*What you have to do:* Exclude the pictures. Transcribe, exactly as written, the lines from the one with "27 Blossom Lane, Levittown, NY 11756" through the end of the entries below.

*Source data:*

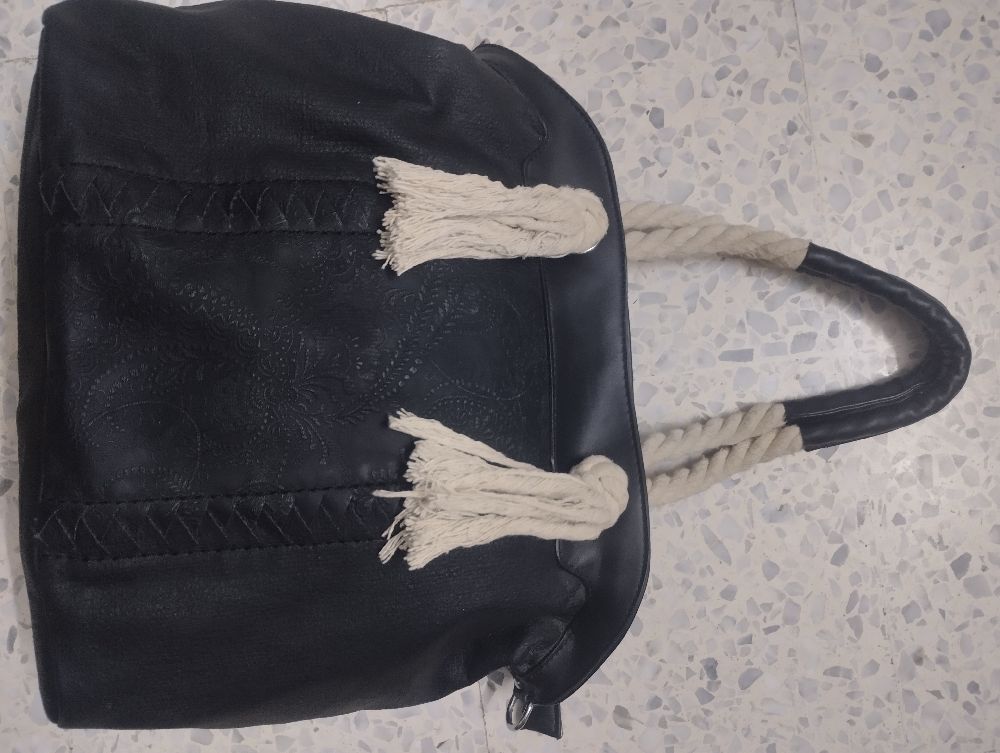 Un très beau sac à main 👜😍
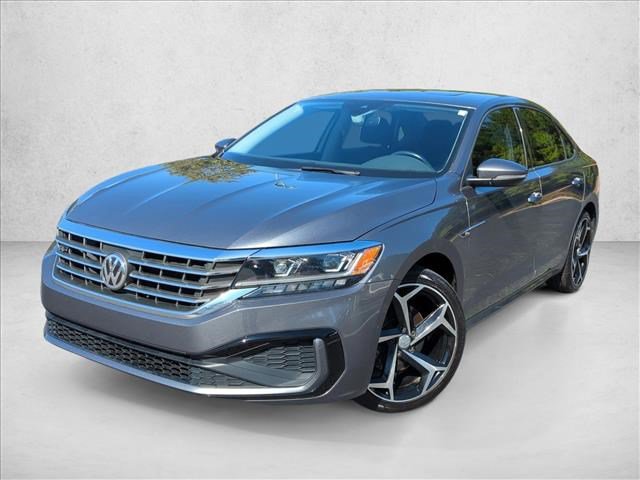 Used 2020 Volkswagen Passat 2.0T R-Line FWD image 1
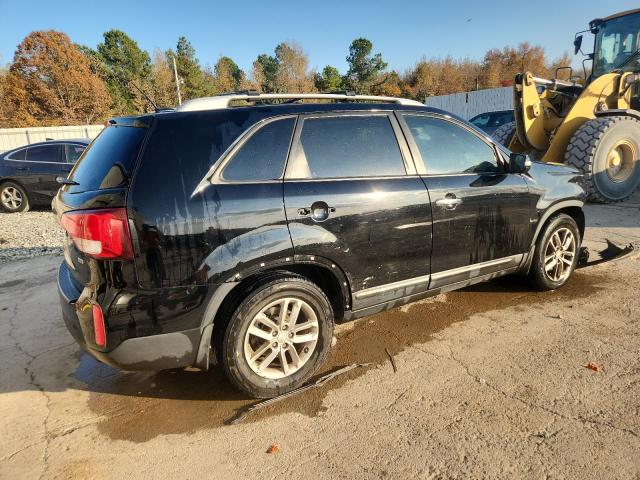 Photo 3 from auction – 2014 KIA SORENTO LX with VIN 5XYKT3A69EG436643
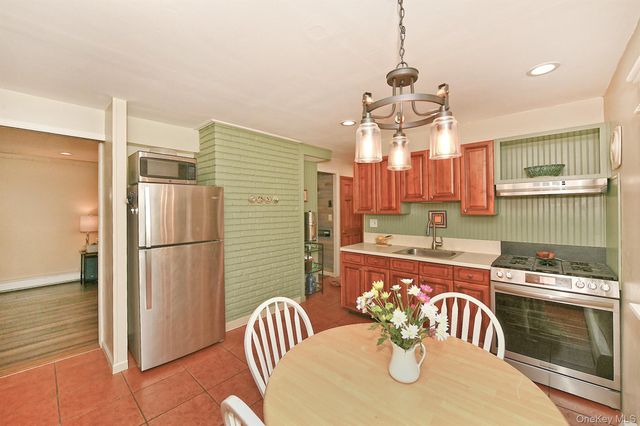 27 Blossom Lane, Levittown, NY 11756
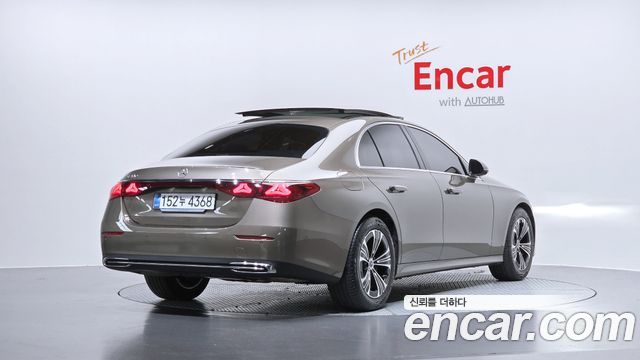 Mercedes-Benz E-Class W214 E200 Avantgarde - фото 1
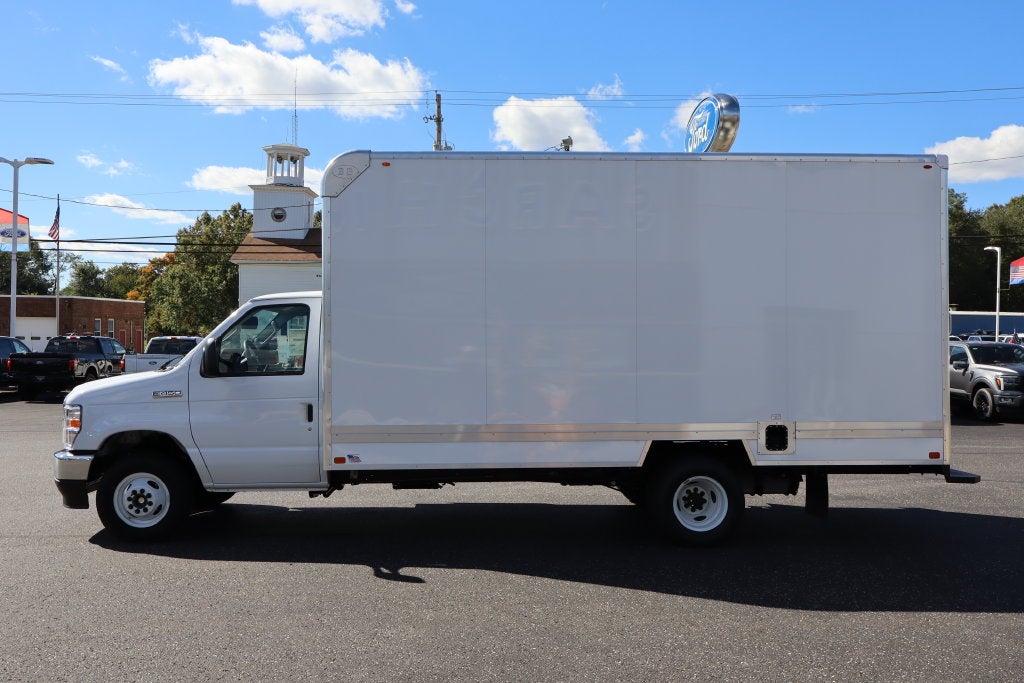 2027 Ford E-450SD Cutaway DRW w/16' Bay Bridge Cargo Box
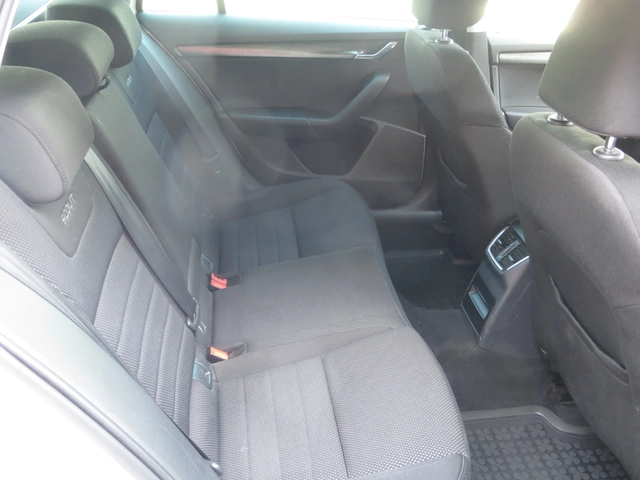 Skoda Octavia SCOUT 4x4 - автомобили, коли, обяви за нови и употребявани 12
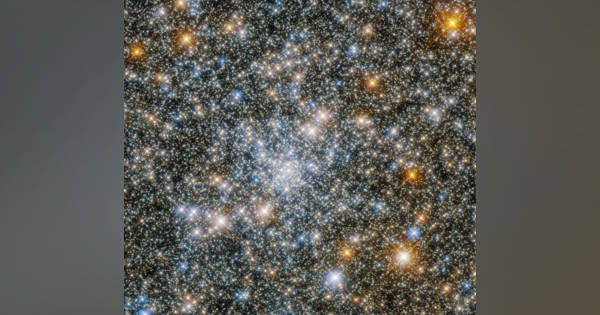 無数の星々が輝く宇宙の宝箱 ハッブル宇宙望遠鏡が観測した球状星団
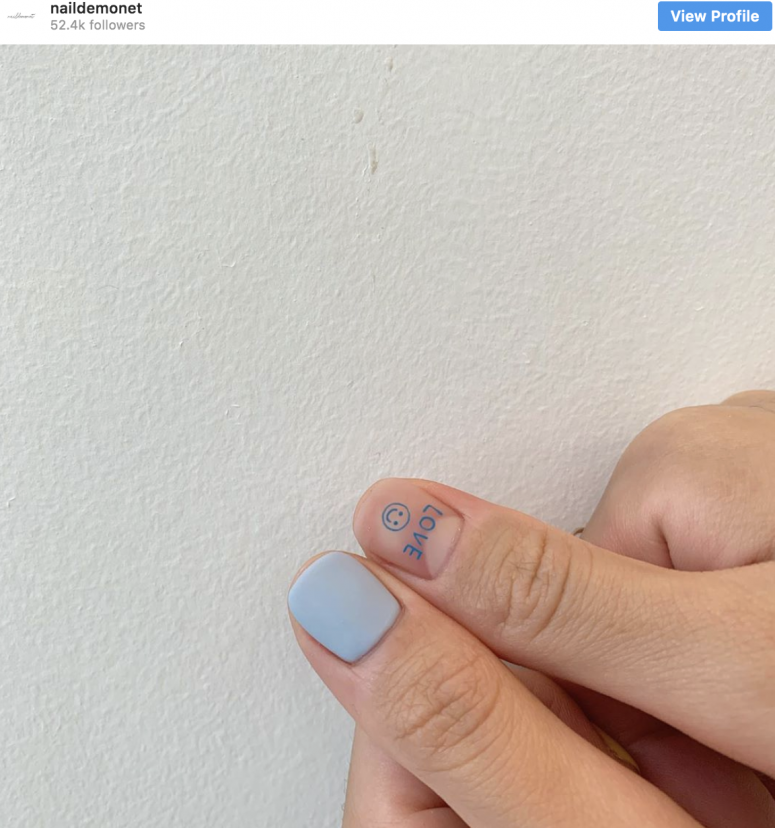 尤其是粉藍色的天空，總是叫人很舒心，同時感覺甜美溫柔。這時加上可愛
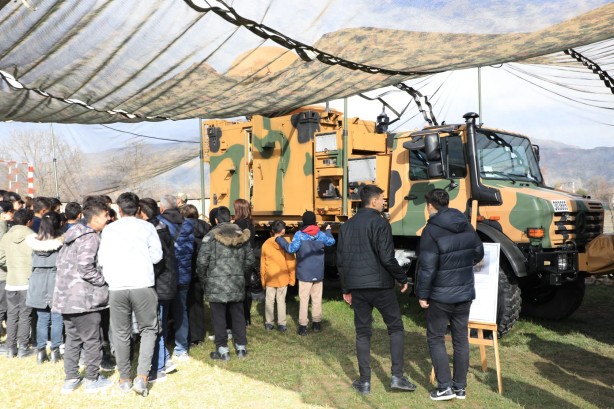 Foto - Türkiye, yerli ve milli gösteri yaptı! Erzincan'da Mehmetçik sergisi büyüledi...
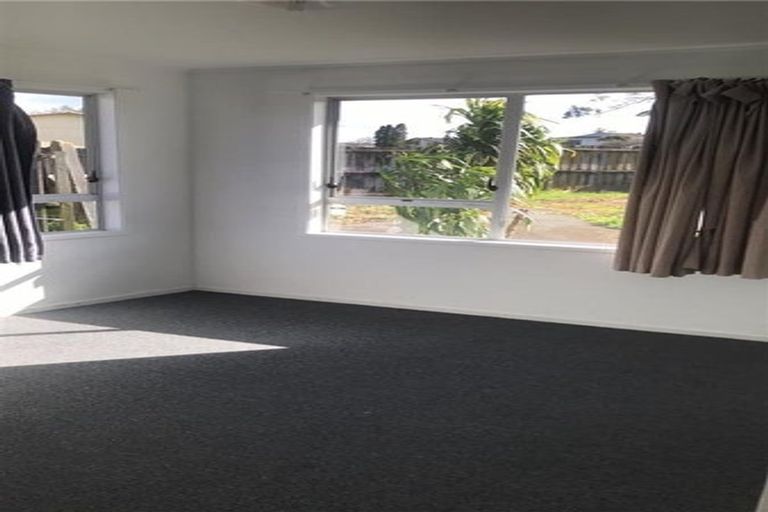 Photo of property in 49 Hyperion Drive, Randwick Park, Auckland, 2105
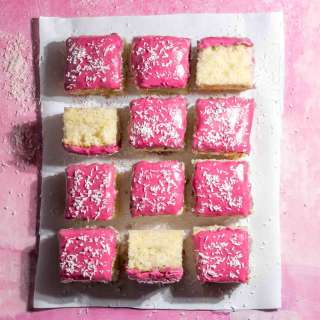 Tottenham Cake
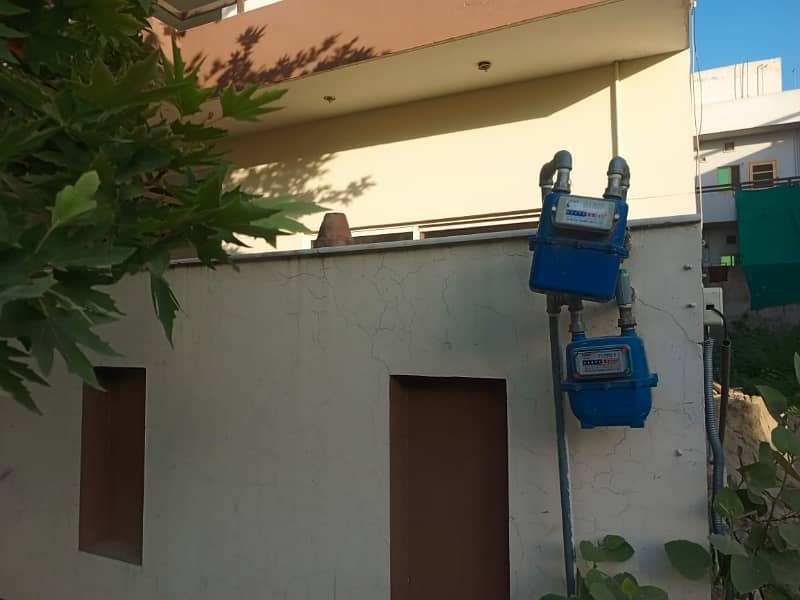 2100 Square Feet Lower Portion Is Available For rent In Margalla View Society - Block D 17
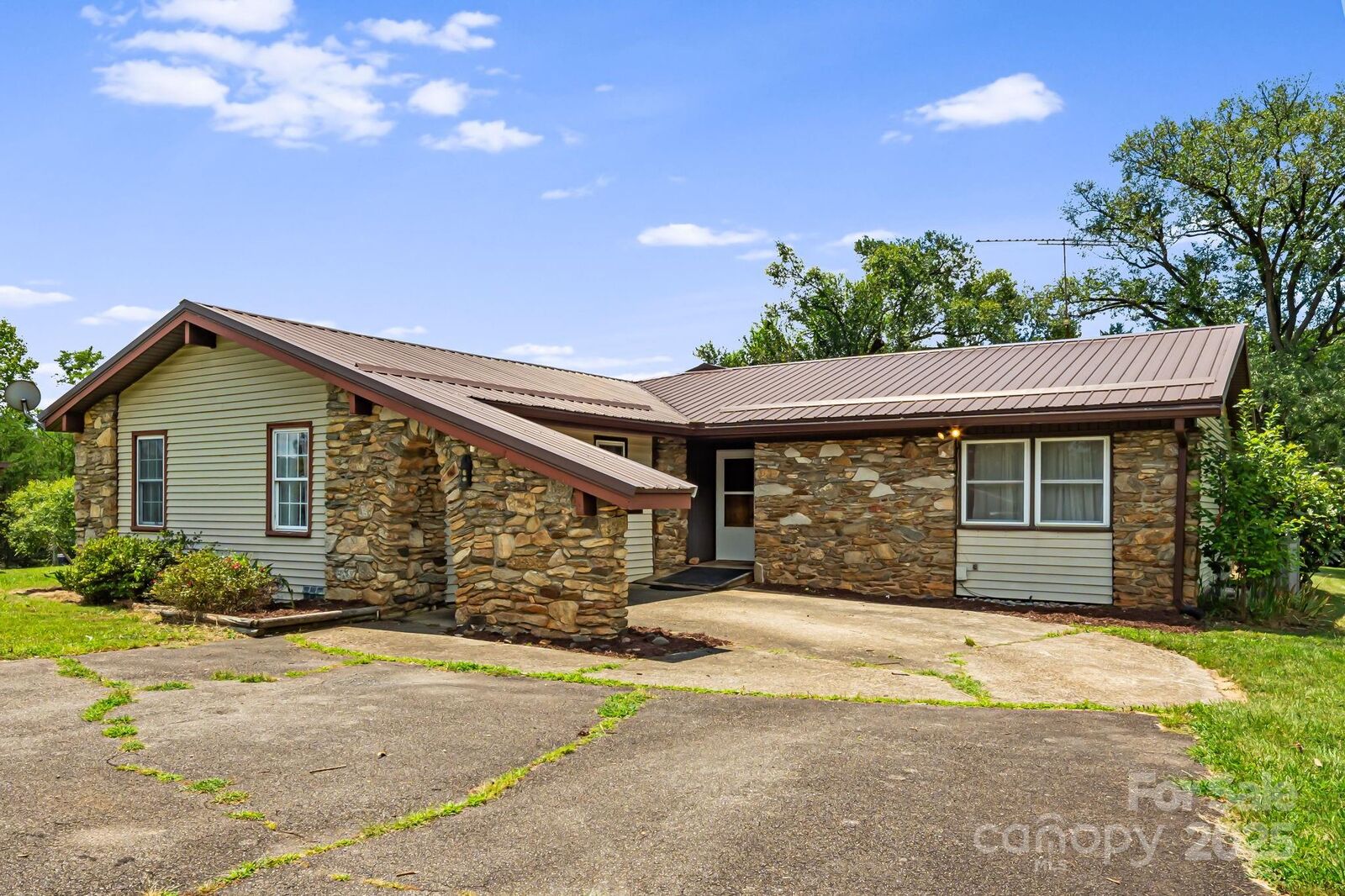 Property Photo: 289 Morlin Acres Drive NC 28753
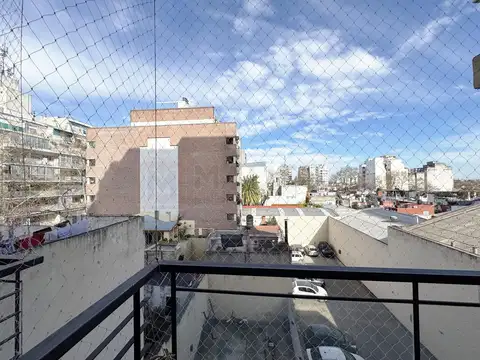 Avenida Juan Bautista Alberdi 2500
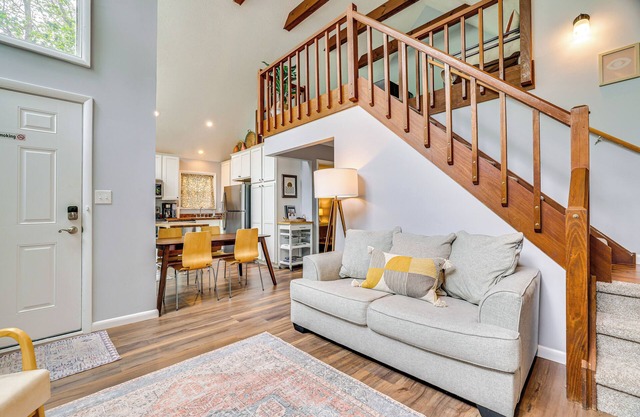 15 Mi to Ski Resort: Home w/Fire Pit in Tobyhanna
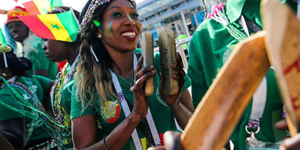 senegal-fans.jpg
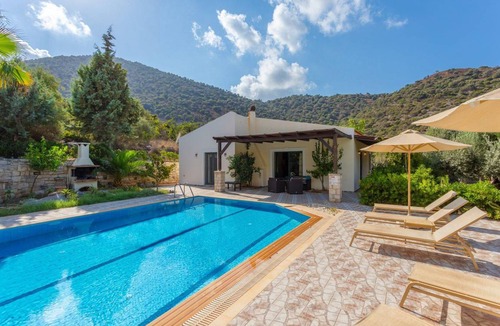 Vlichada Villa | 135 m² Villa ∙ 2 bedrooms ∙ 5 guests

*Answer box:*
 27 Blossom Lane, Levittown, NY 11756
 Mercedes-Benz E-Class W214 E200 Avantgarde - фото 1
 2027 Ford E-450SD Cutaway DRW w/16' Bay Bridge Cargo Box
 Skoda Octavia SCOUT 4x4 - автомобили, коли, обяви за нови и употребявани 12
 無数の星々が輝く宇宙の宝箱 ハッブル宇宙望遠鏡が観測した球状星団
 尤其是粉藍色的天空，總是叫人很舒心，同時感覺甜美溫柔。這時加上可愛
 Foto - Türkiye, yerli ve milli gösteri yaptı! Erzincan'da Mehmetçik sergisi büyüledi...
 Photo of property in 49 Hyperion Drive, Randwick Park, Auckland, 2105
 Tottenham Cake
 2100 Square Feet Lower Portion Is Available For rent In Margalla View Society - Block D 17
 Property Photo: 289 Morlin Acres Drive NC 28753
 Avenida Juan Bautista Alberdi 2500
 15 Mi to Ski Resort: Home w/Fire Pit in Tobyhanna
 senegal-fans.jpg
 Vlichada Villa | 135 m² Villa ∙ 2 bedrooms ∙ 5 guests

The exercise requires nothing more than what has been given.